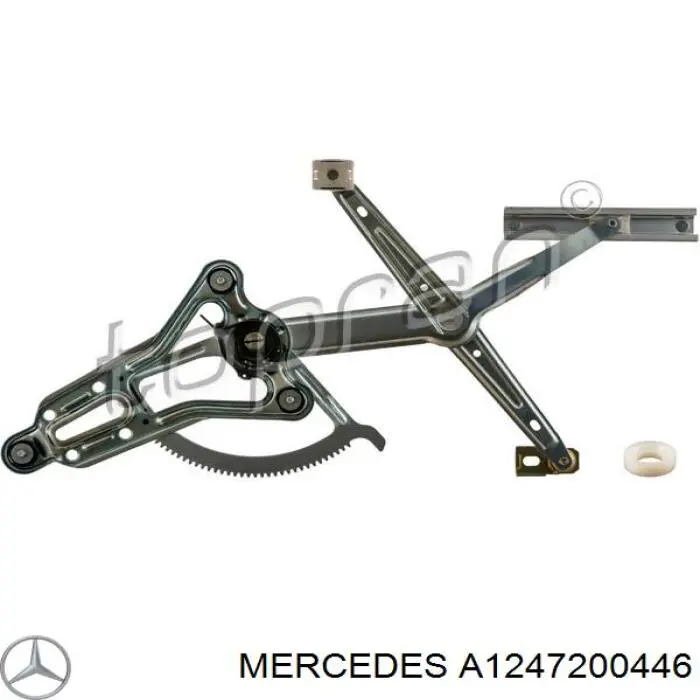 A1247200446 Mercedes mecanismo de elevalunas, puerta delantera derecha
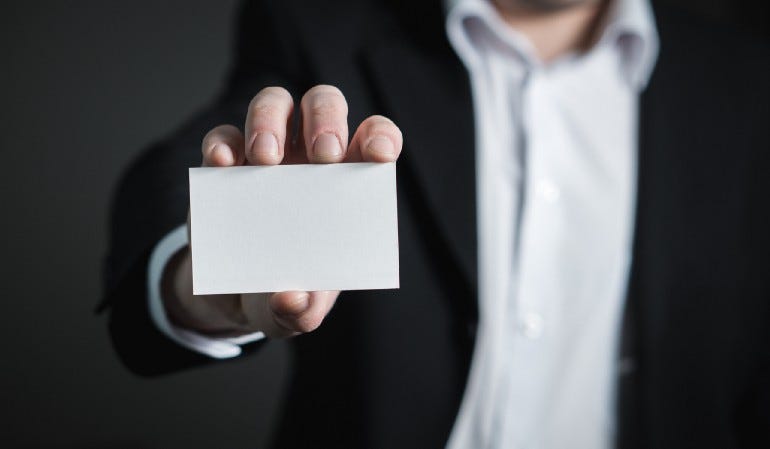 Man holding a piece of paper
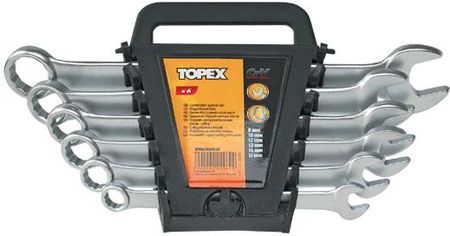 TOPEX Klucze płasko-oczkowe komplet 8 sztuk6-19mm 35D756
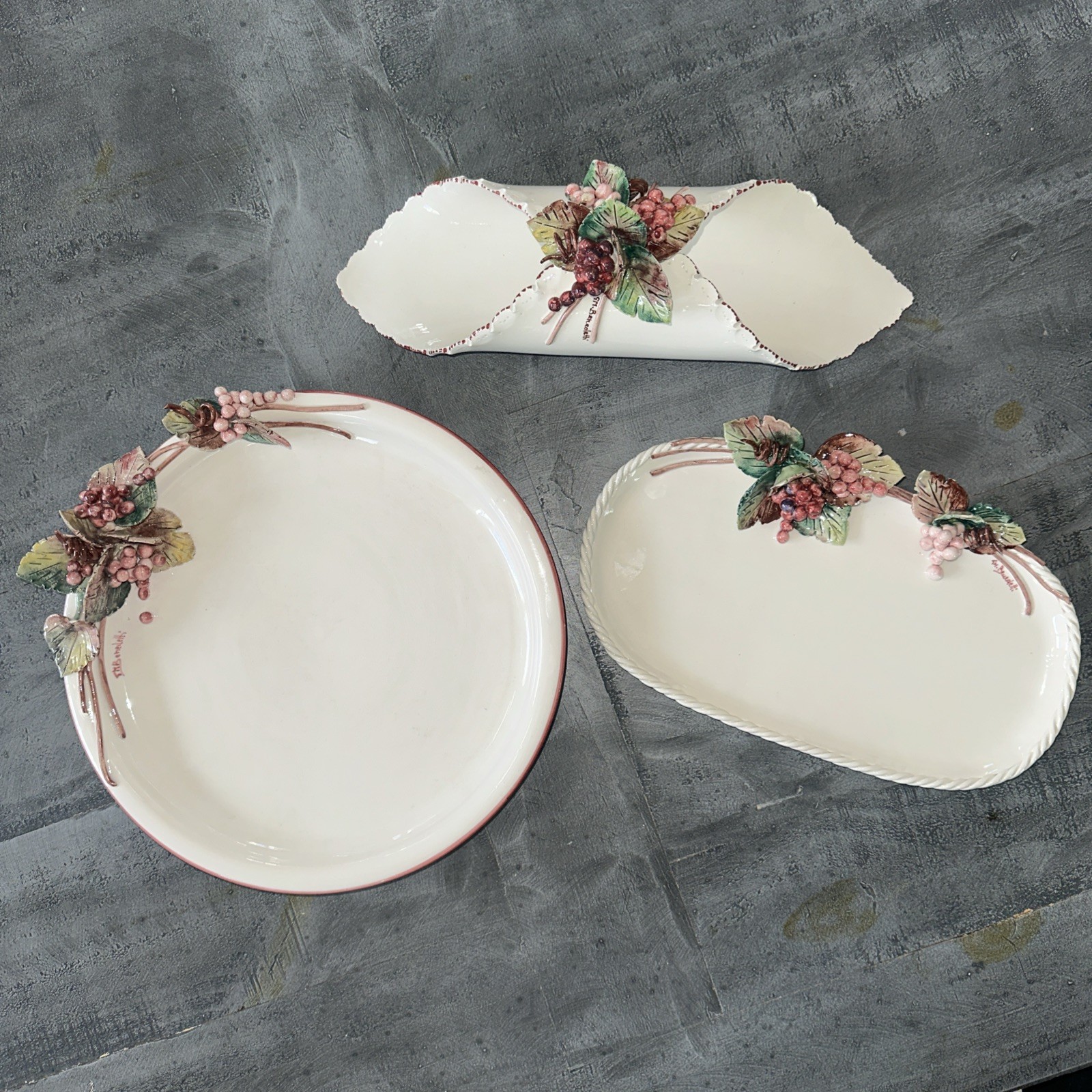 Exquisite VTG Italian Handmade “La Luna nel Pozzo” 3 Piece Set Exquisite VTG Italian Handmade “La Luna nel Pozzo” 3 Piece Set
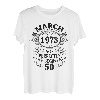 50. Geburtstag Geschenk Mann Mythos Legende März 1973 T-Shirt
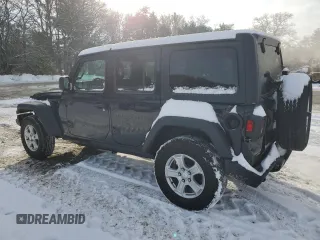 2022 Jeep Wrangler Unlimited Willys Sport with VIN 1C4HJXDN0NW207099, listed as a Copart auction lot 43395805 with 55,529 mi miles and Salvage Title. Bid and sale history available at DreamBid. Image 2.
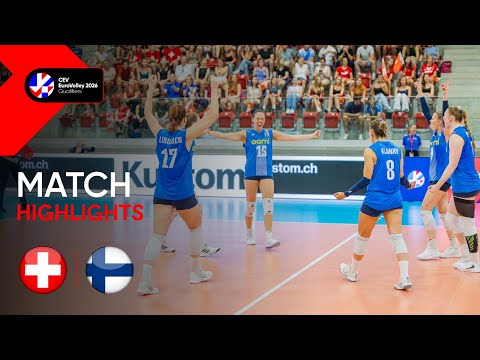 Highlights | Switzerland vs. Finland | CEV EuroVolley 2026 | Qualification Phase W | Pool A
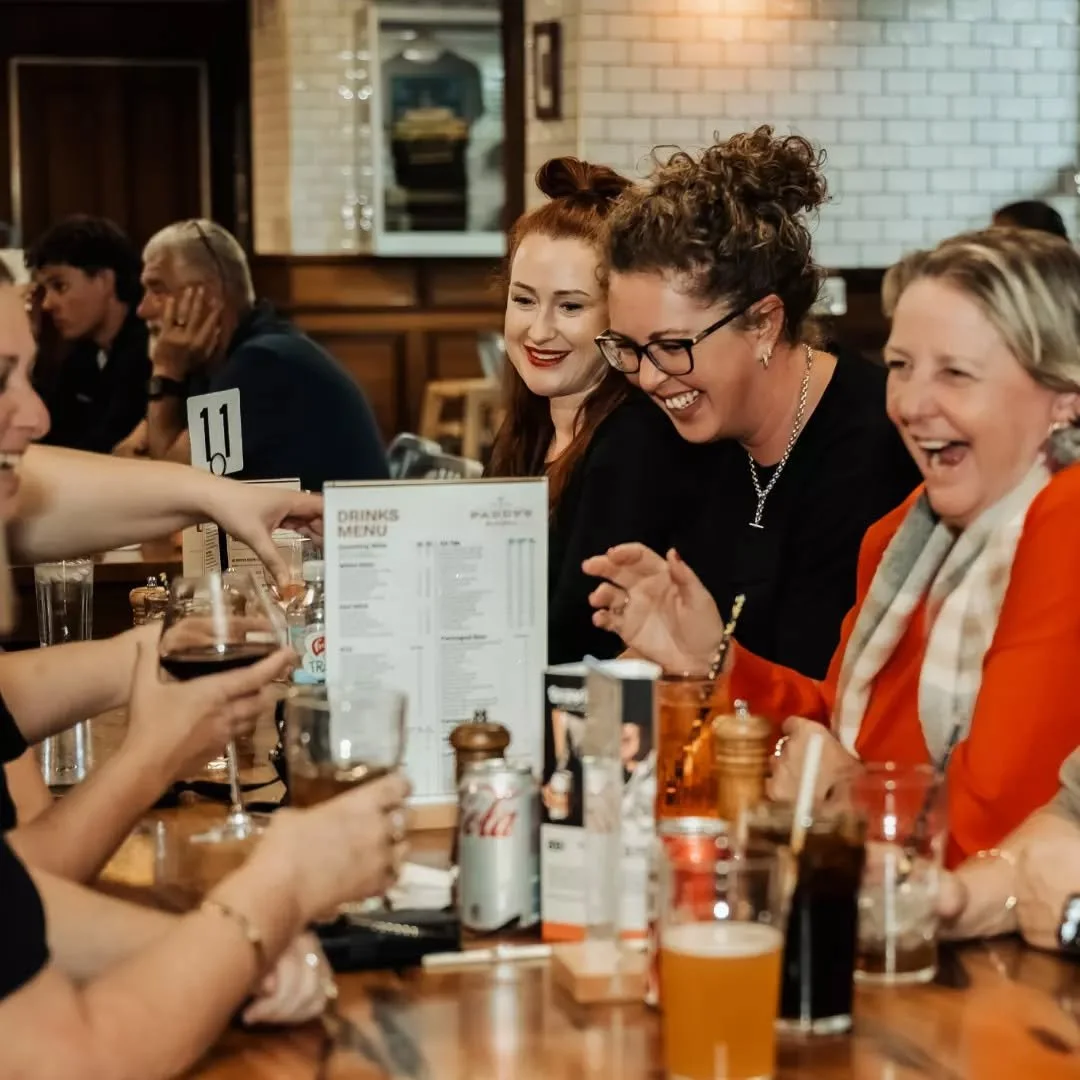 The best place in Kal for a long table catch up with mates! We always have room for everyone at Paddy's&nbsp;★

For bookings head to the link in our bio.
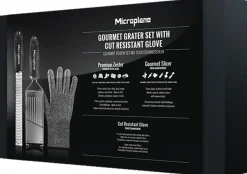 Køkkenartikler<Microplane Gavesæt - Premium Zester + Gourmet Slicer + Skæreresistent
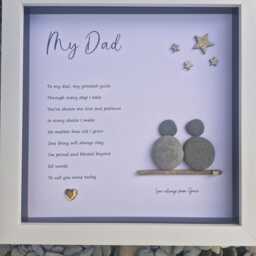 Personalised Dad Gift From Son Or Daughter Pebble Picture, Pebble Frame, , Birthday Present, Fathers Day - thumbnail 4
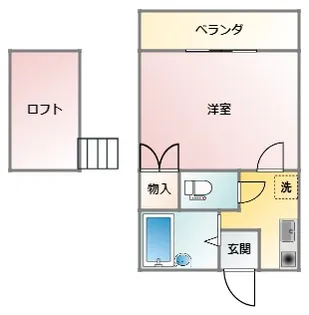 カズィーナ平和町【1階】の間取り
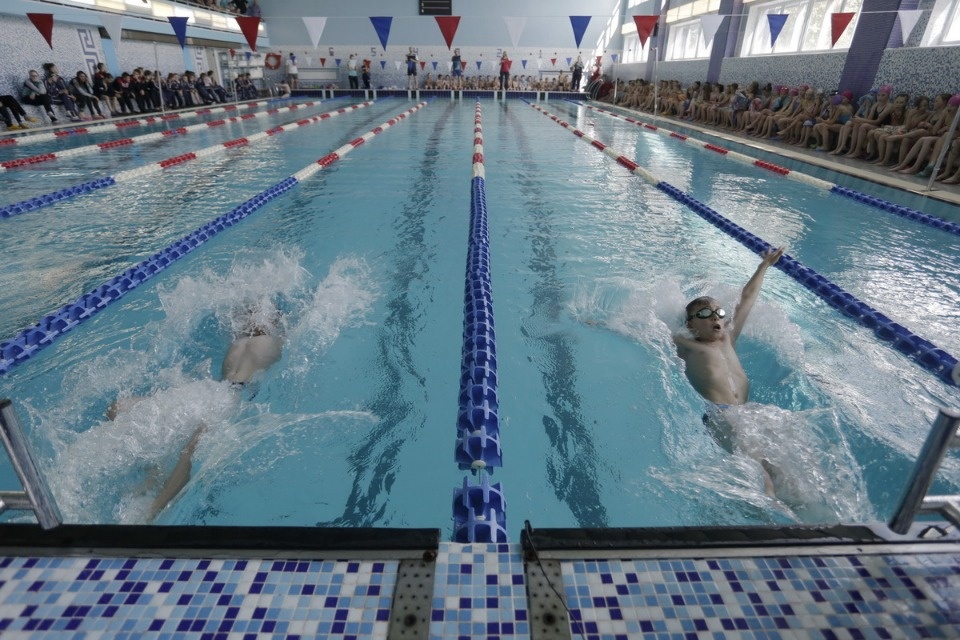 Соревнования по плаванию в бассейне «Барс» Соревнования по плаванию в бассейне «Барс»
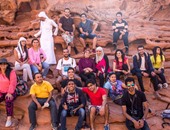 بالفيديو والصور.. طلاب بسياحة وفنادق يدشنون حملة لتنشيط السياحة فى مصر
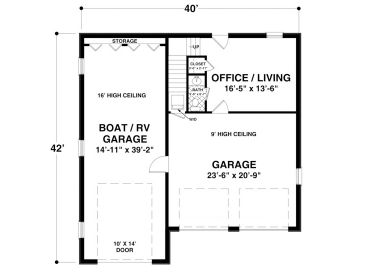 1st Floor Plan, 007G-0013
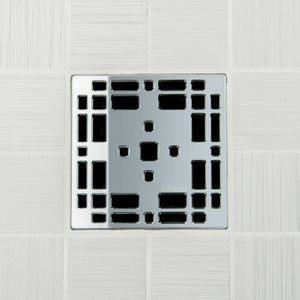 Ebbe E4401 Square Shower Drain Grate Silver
= = = = = = =
Word for word and without pictures, restate only the lines running from the one that contains "Køkkenartikler<Microplane Gavesæt - Premium" through the last line of the listing above.

▶ REPLY TO THE EXERCISE
 Køkkenartikler<Microplane Gavesæt - Premium Zester + Gourmet Slicer + Skæreresistent
 Personalised Dad Gift From Son Or Daughter Pebble Picture, Pebble Frame, , Birthday Present, Fathers Day - thumbnail 4
 カズィーナ平和町【1階】の間取り
 Соревнования по плаванию в бассейне «Барс» Соревнования по плаванию в бассейне «Барс»
 بالفيديو والصور.. طلاب بسياحة وفنادق يدشنون حملة لتنشيط السياحة فى مصر
 1st Floor Plan, 007G-0013
 Ebbe E4401 Square Shower Drain Grate Silver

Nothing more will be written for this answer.